Remember that any self-help aid must be repaid through money or labor. For more information about Subsidized and Unsubsidized Stafford loans, PLUS loans, and private student loans visit the Student Loan section of this site.

Comparing Financial Aid Award Packages
Once you receive financial aid award notifications from the schools to which you have applied, it's time to compare the financial aid packages offered by each school. In order to make comparisons, you should follow these guidelines:

  • Compare like terms. Make sure that the cost of attendance is the same for each school before comparing. Some schools may not include transportation or personal costs in their estimated cost of attendance.
  • Compare ratio of gift aid to self-help aid. Generally, packages with a higher proportion of gift aid are more appealing because students may have less debt when they graduate. However, more gift aid may mean a larger family contribution at some colleges.
  • Compare the terms of any loans included. Will the payments be affordable? Student loans with low interest rates and no repayment until after college may be more affordable than private loans or other consumer loans.
  • Compare the effect of scholarships on other aid. If you are applying for or will qualify for outside scholarships, you should determine if it is possible for a scholarship to reduce your financial aid package.
  • Check on future packages. What part of the financial aid award is renewable from year to year? Are there requirements for maintaining the awards?

Although very important, the amount of financial aid you receive isn't the only factor you should consider in choosing a college. Neither the school that offers you the most financial aid nor the most popular school among your friends is guaranteed to provide the right fit for your personal and academic goals, so try to keep an open mind when weighing your options.
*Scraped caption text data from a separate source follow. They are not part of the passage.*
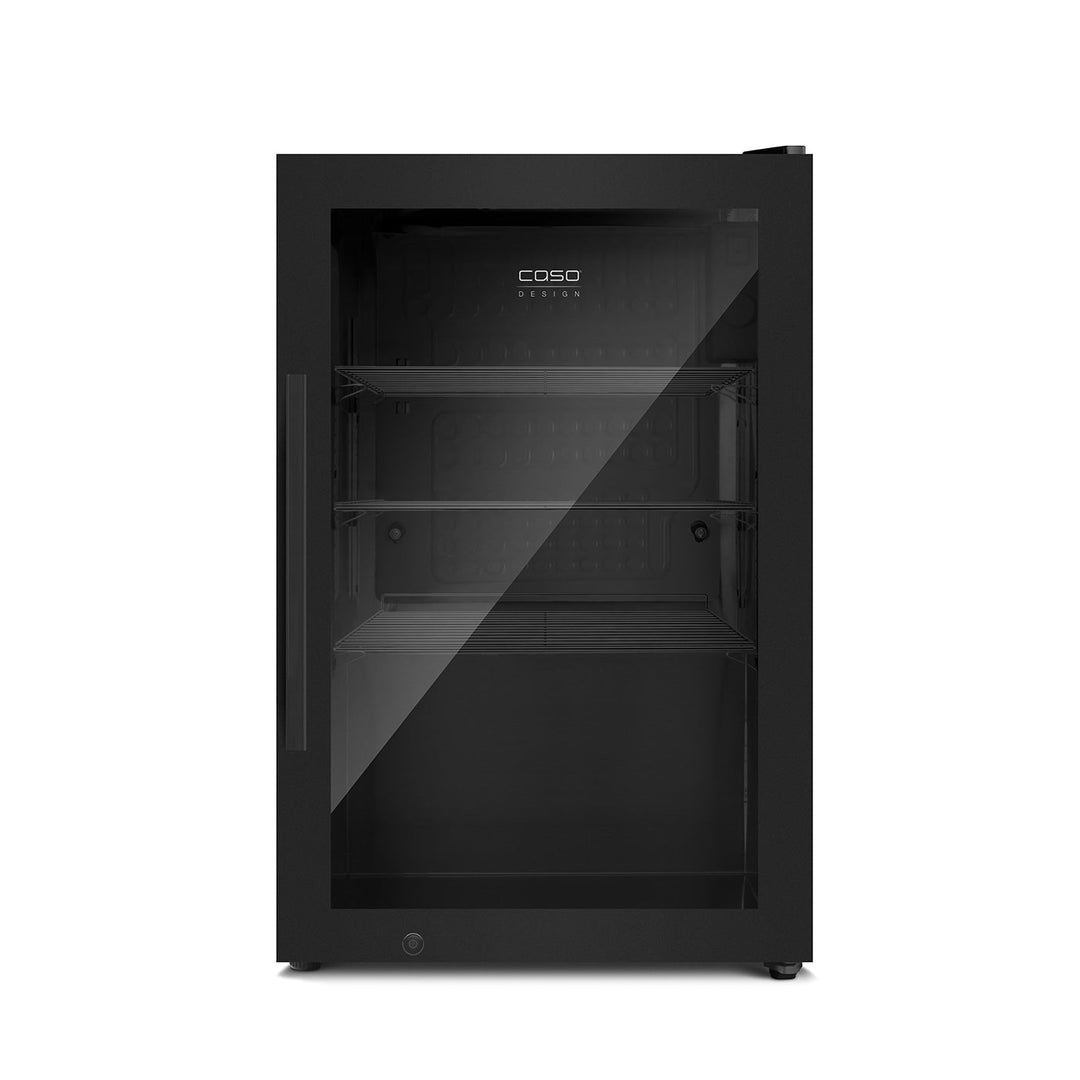Kühlschrank Schwarz R + Einbaumodul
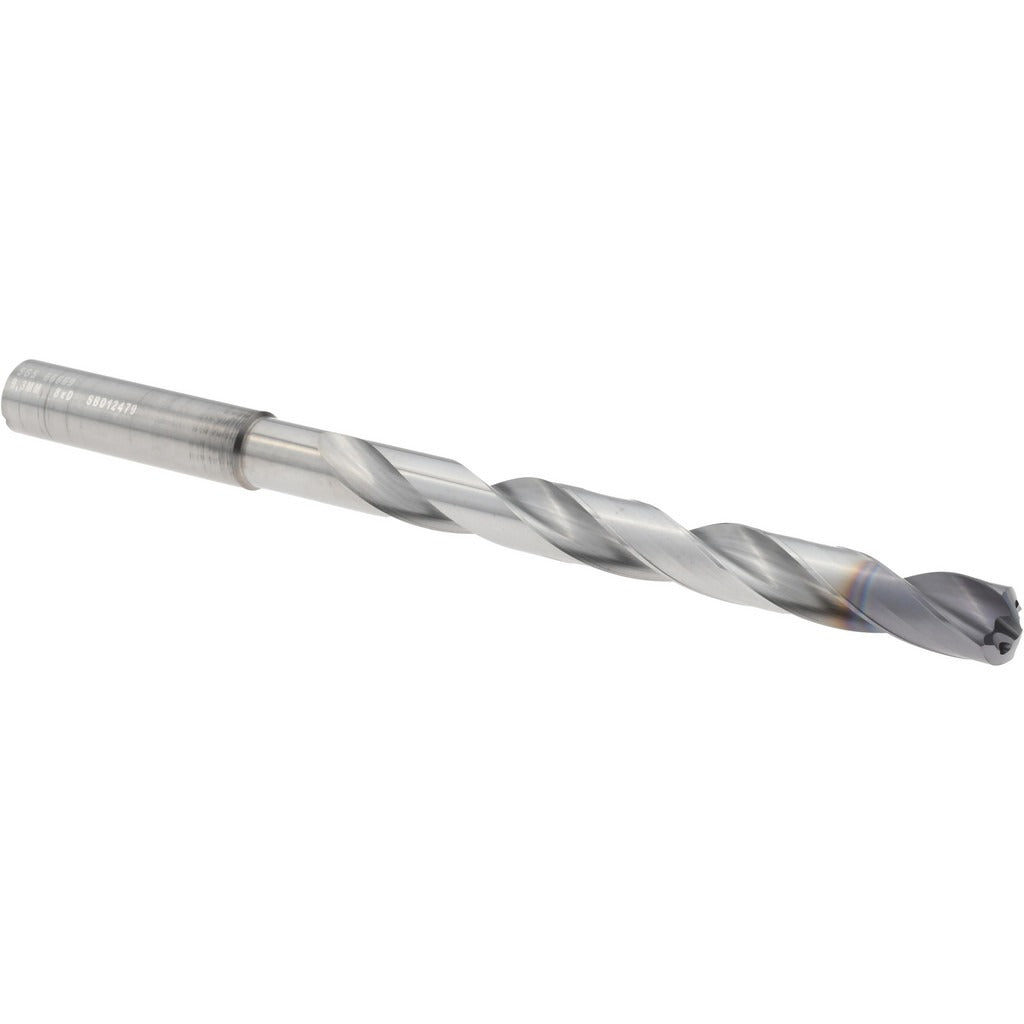 KYOCERA SGS PRECISION TOOLS Sgs 66669 9.3mm Taper Length Drill Bit Solid Carbide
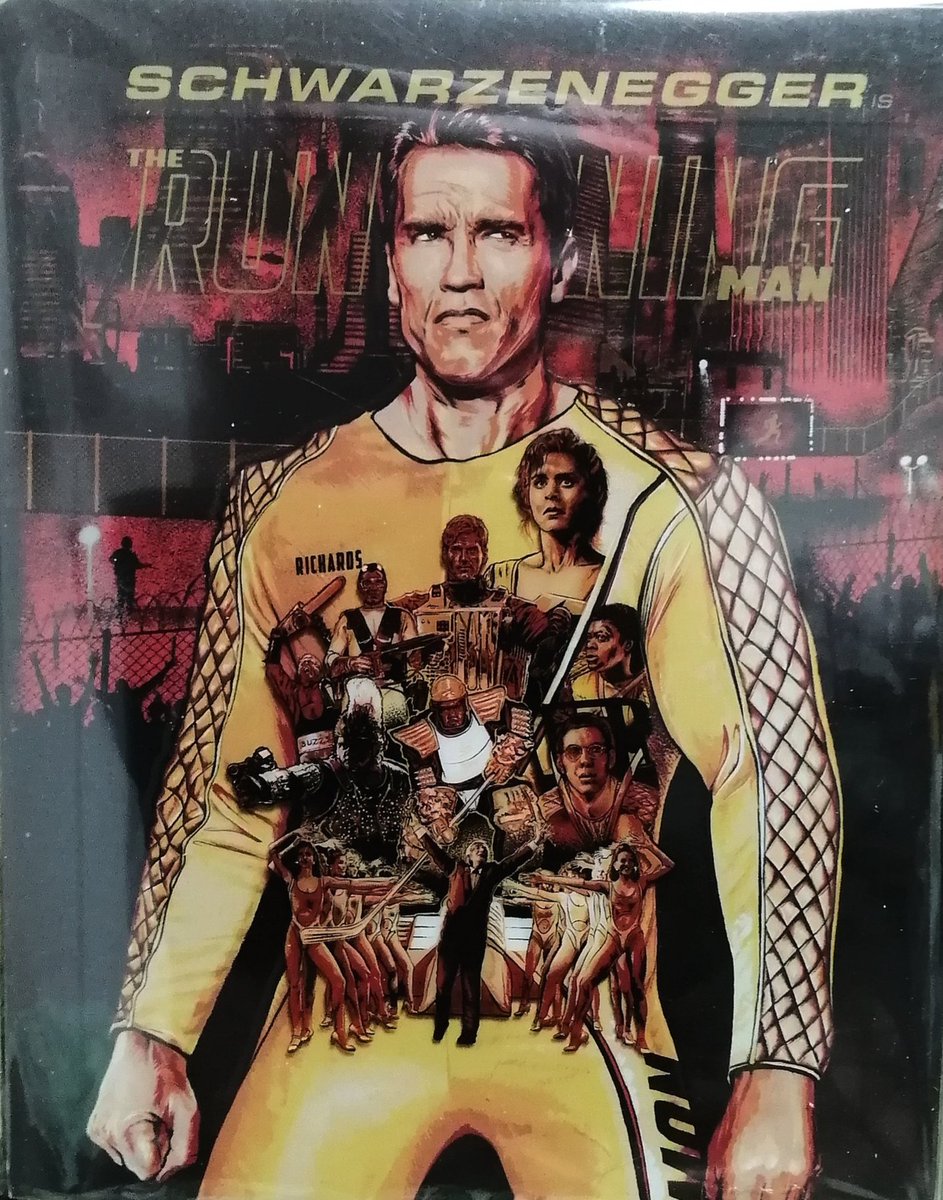 気になる映画『ランニング・マン』。以前も映画化されたことがあり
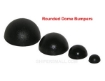 Round dome shape bumpers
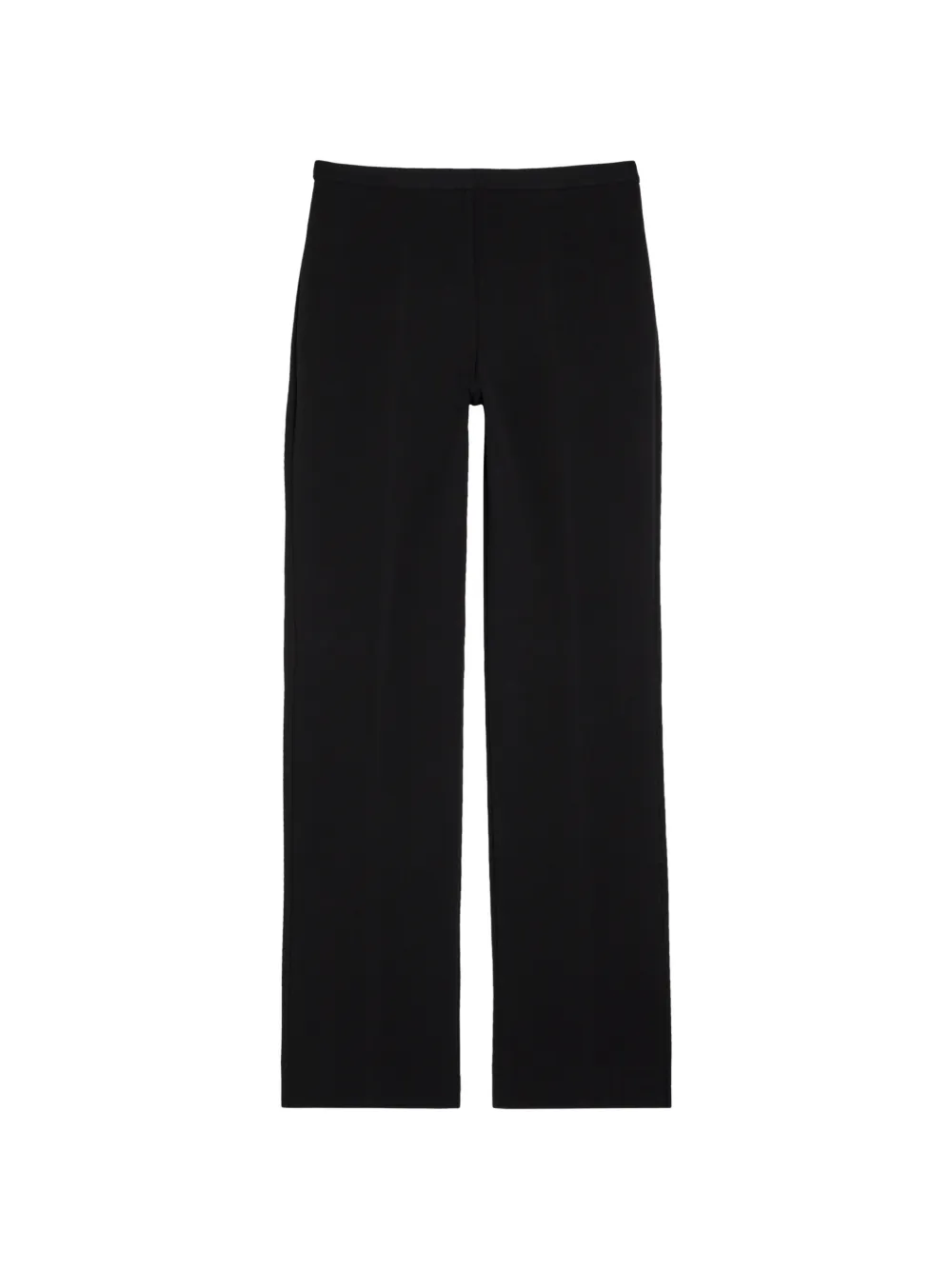 Another Tomorrow straight trousers - Nero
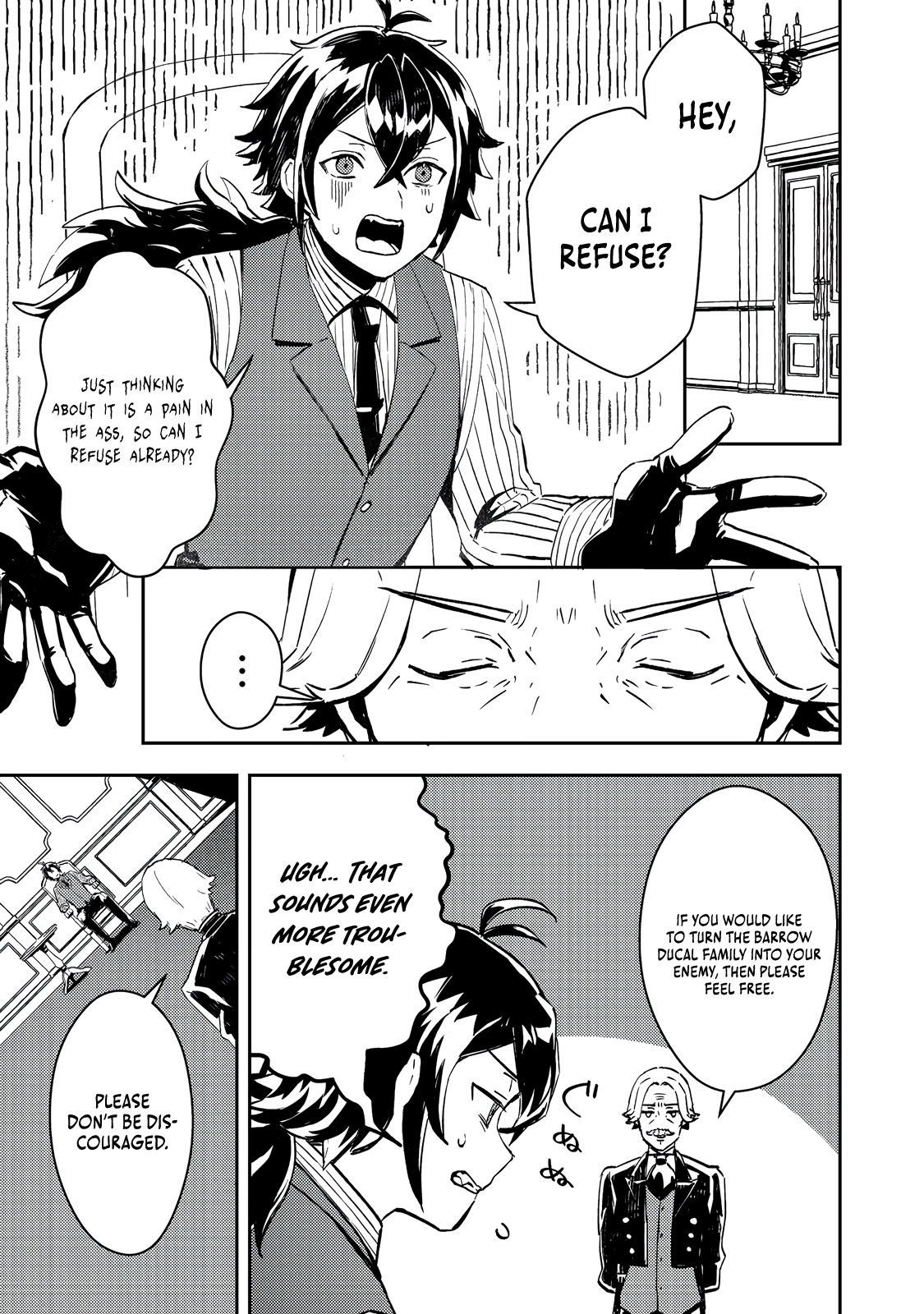 Read When I, The Lazy Villainous Noble, Got Married With The Villainous Young Lady Who Had Her Engagement Broken Off, We Became The Most Fearsome Couple EN Manga Online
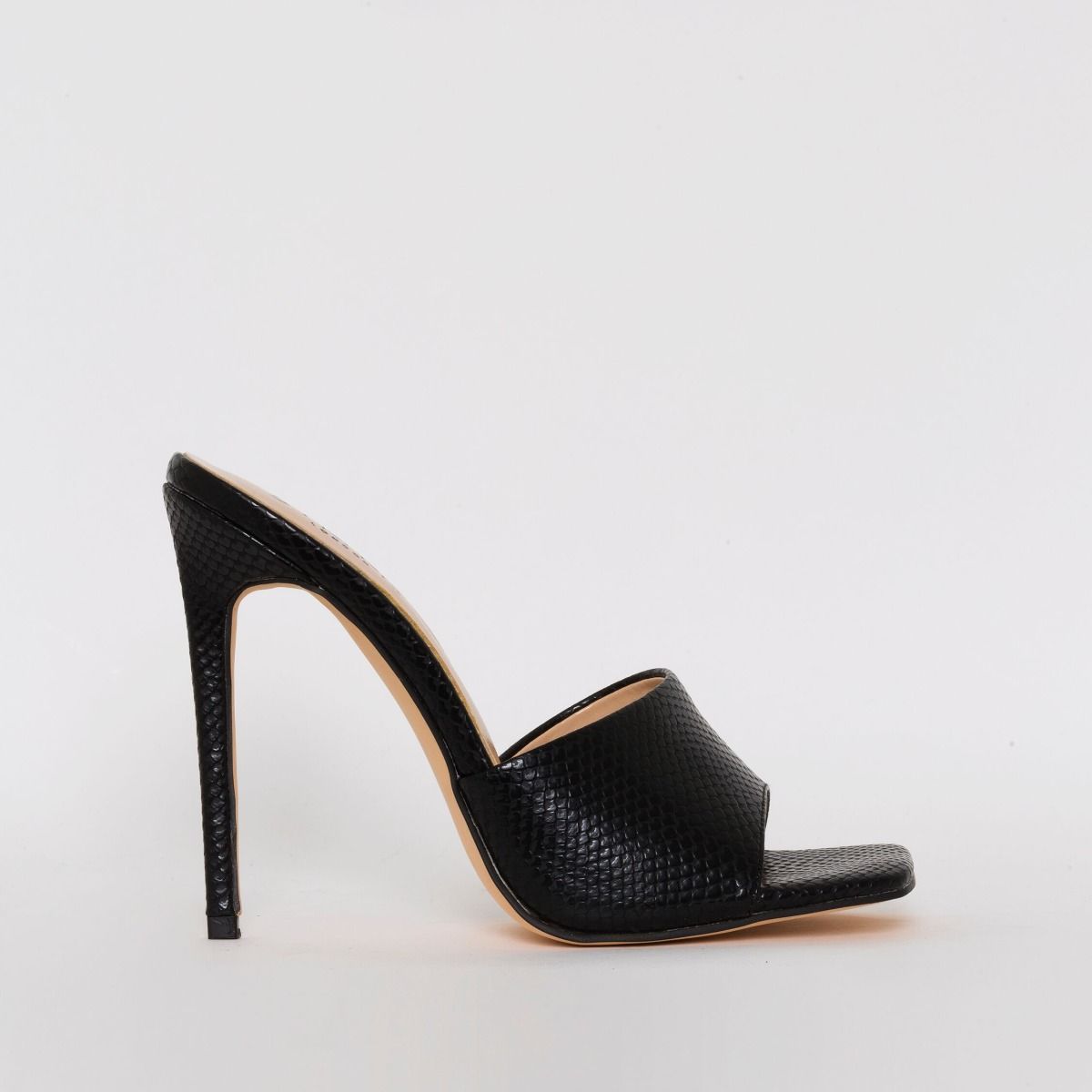black snake heels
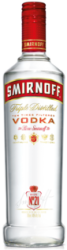 Smirnoff Red 37,5% 0,7l (holá fľaša)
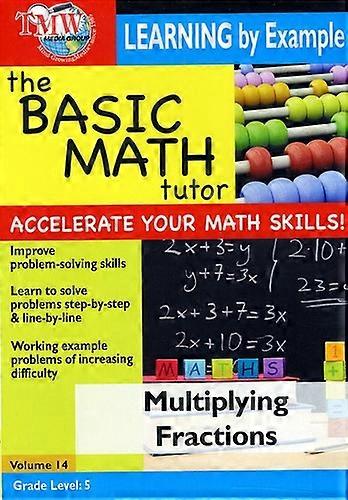 Basic Math Tutor Multiplying Fractions  [DVD REGION:1 USA] USA import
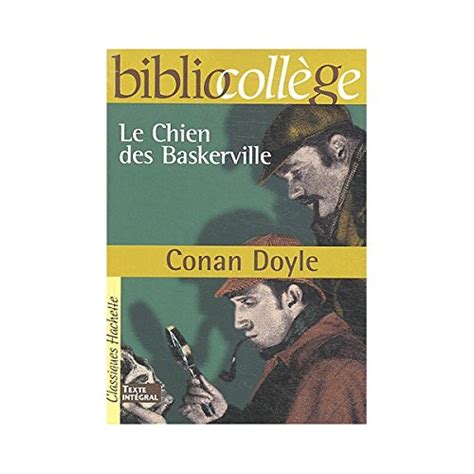 Le chien des baskerville de Arthur Conan Doyle | Recyclivre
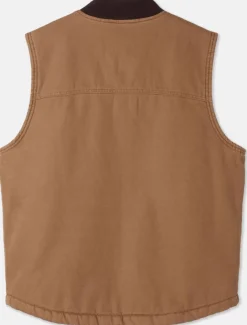 Clearance Duck Canvas Vest Gillets & Vests|Jackets & Puffers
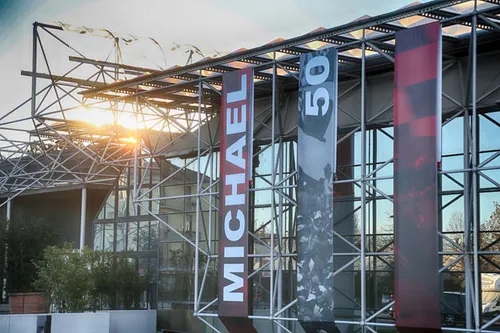 De speciale tentoonstelling voor de verjaardag van MIchael Schumacher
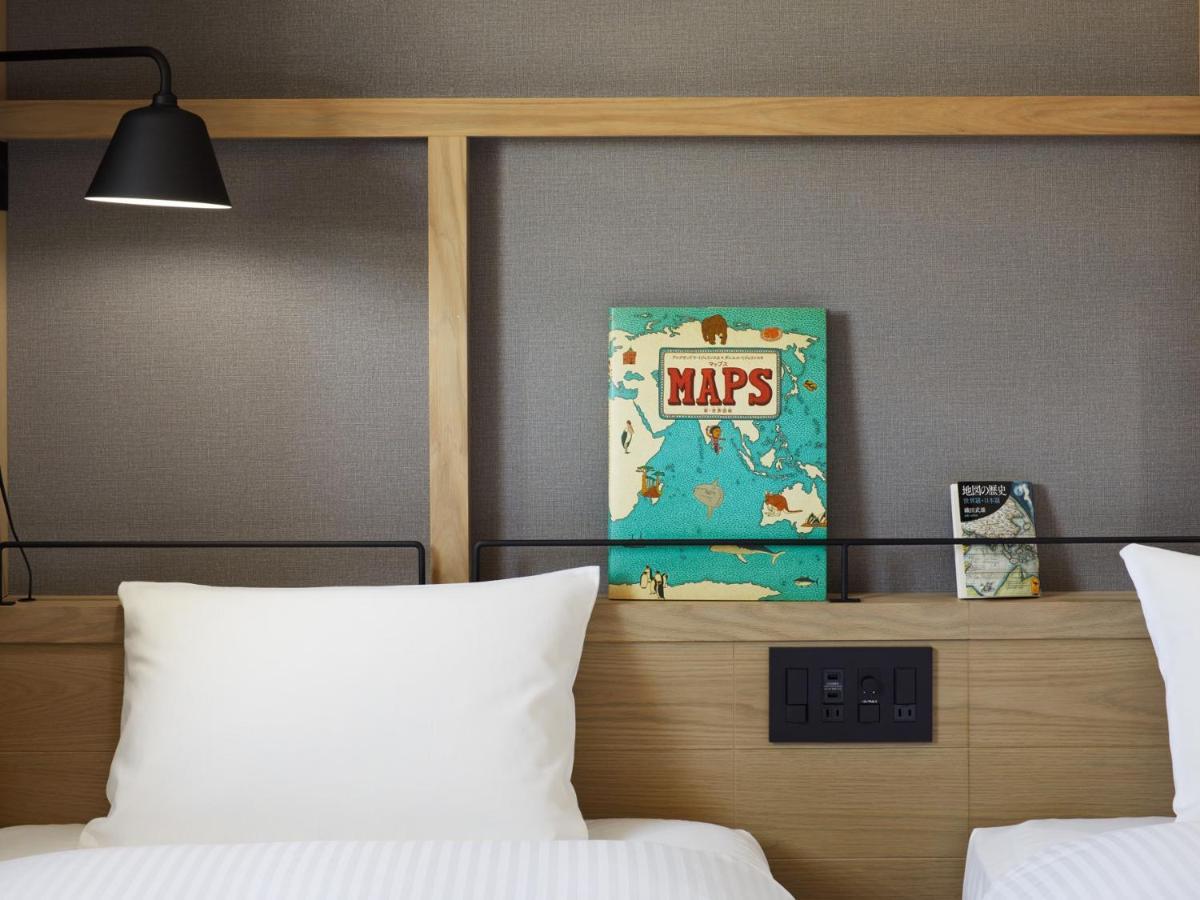 Lamp Light Books Hotel Сапоро Екстериор снимка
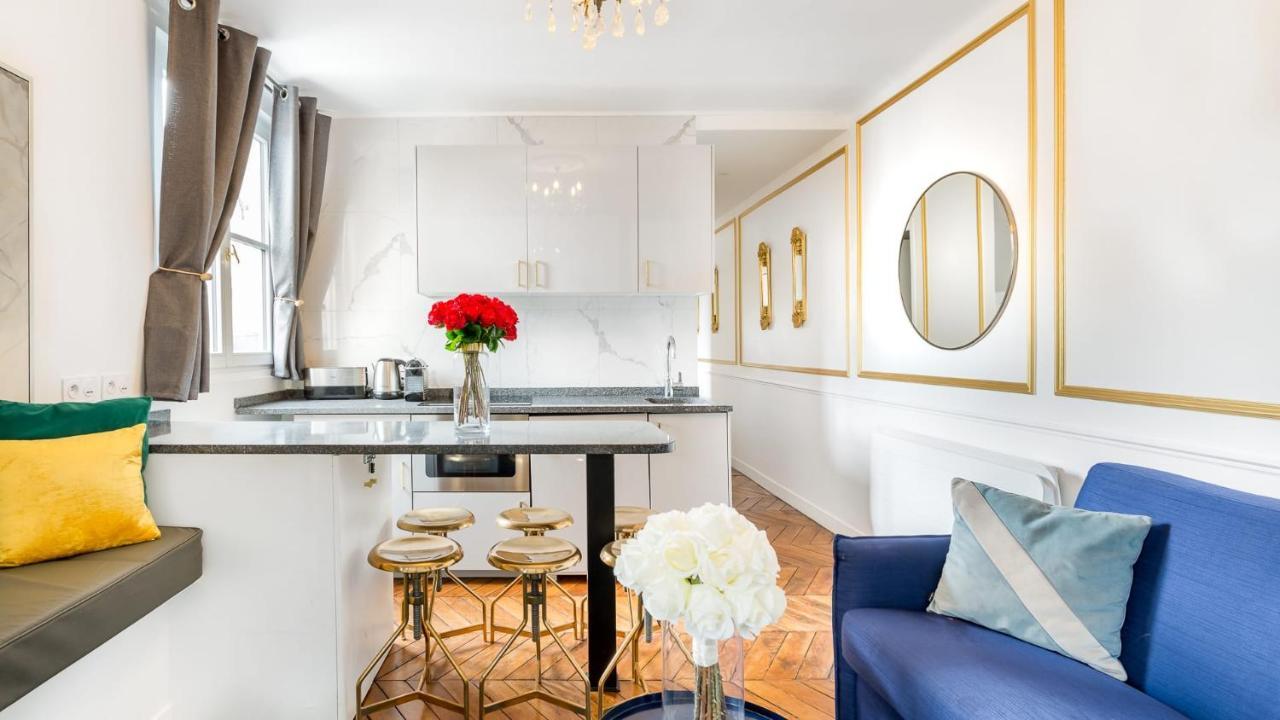 Appartement Luxury 2 Bedroom - Louvre&champs Elysees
There may be several schools on your list of choices that balance academic, personal, and financial needs.

After Receiving the Financial Aid Award Notification
After reading the financial aid award notification, you may realize that the awards listed are not enough to cover all expenses. However, there are other loan options that may not be shown on the notice. Your parents may be eligible for the Federal PLUS Program or you could consider getting a private student loan.

After receiving the financial aid award notification, you must let the school know whether or not you are accepting or declining the awards. Not everything that is offered has to be accepted. Declining an award will neither help nor hurt the award. Pay close attention to deadlines for accepting the award package. Deadlines are usually within two weeks after receiving the award notification. If a deadline is missed, you may risk losing a scholarship, grant, or loan assistance.